Discours anticorruption
Dans la plupart des pays, ces faits ne sont pas susceptibles de poursuites. Mais dans le cas des dirigeants, l’ICIJ met en parallèle le discours anticorruption tenu par certains d’entre eux avec leurs placements dans des paradis fiscaux.
Le président kényan, Uhuru Kenyatta, a ainsi maintes fois affirmé sa détermination à lutter contre la corruption dans son pays et à obliger les officiels kényans à la transparence quant à leur patrimoine.
Pourtant, selon le volet des « Pandora Papers » qui lui est consacré, le chef de l’État kényan possède une fondation au Panama et plusieurs membres de sa famille directe possèdent plus de 30 millions de dollars logés dans des comptes offshore.
Créé en 1997 par le Centre américain pour l’intégrité publique, l’ICIJ est devenu une entité indépendante en 2017.
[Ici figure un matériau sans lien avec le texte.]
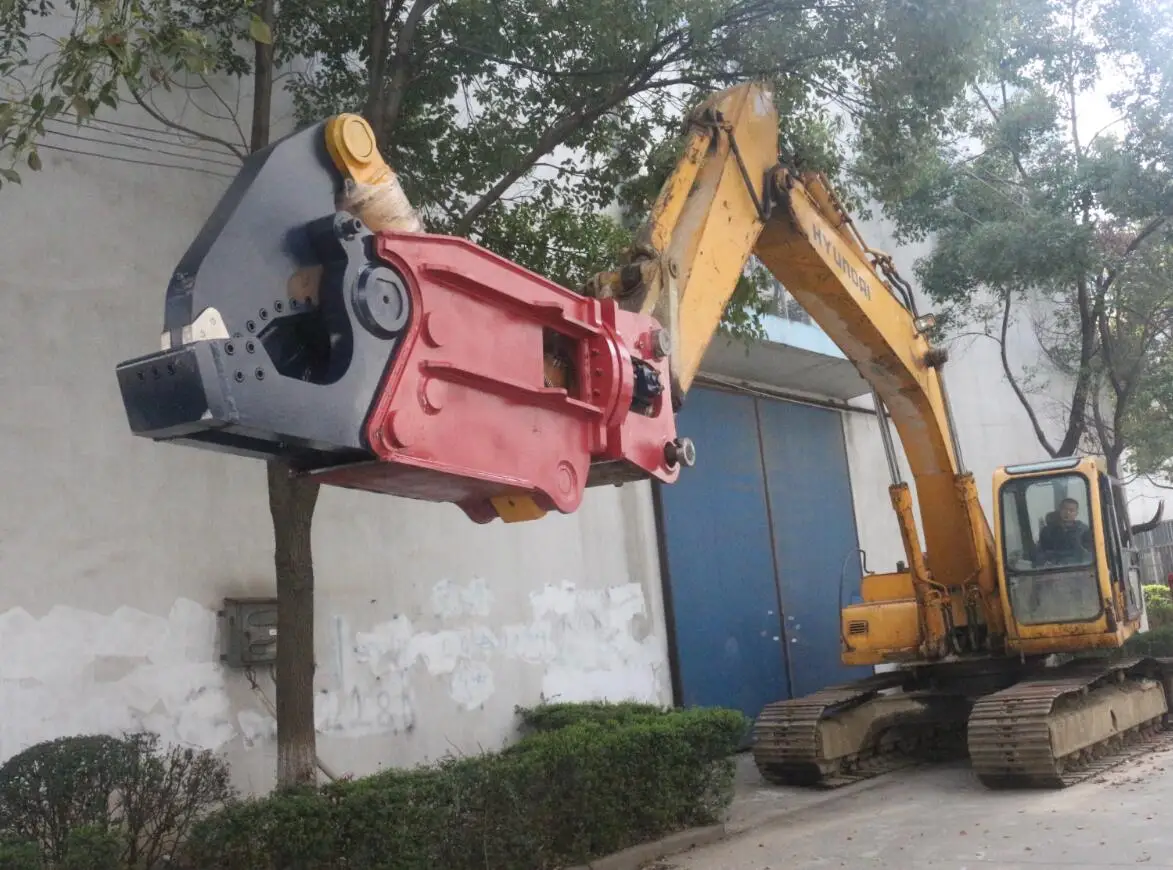 Construction Machinery Accessories 360 Degree Rotating Hydraulic Olecranon Scissors Pliers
Son réseau compte des journalistes d’investigation dans plus de 100 pays et territoires, ainsi que quelque 100 médias partenaires.
L’ICIJ s’est fait connaître, début avril 2016, avec la publication des Panama Papers, une enquête appuyée sur quelque 11,5 millions de documents provenant d’un cabinet d’avocats panaméen.
Ils détaillaient les avoirs cachés de milliers de clients de Mossack Fonseca, dont des personnalités de premier plan.
L’onde de choc qu’a provoqué cette publication a notamment entraîné la démission du Premier ministre islandais Sigmundur David Gunnlaugsson et du chef du gouvernement du Pakistan Nawaz Sharif.
L’affaire a fait l’objet d’une adaptation cinématographique par le réalisateur Steven Soderbergh, « The Laundromat : l’affaire des Panama Papers », pour la plateforme Netflix.
En novembre 2017, l’ICIJ a publié les « Paradise Papers », basé sur une nouvelle série de documents dont une bonne partie émanait d’un autre cabinet spécialisé dans les montages financiers, Appleby.
Parmi les grands noms dont cette enquête a mis en avant les manœuvres pour dissimuler des avoirs et échapper à la fiscalité, figuraient le prince Charles, le champion de Formule 1 Lewis Hamilton ou encore le groupe Nike.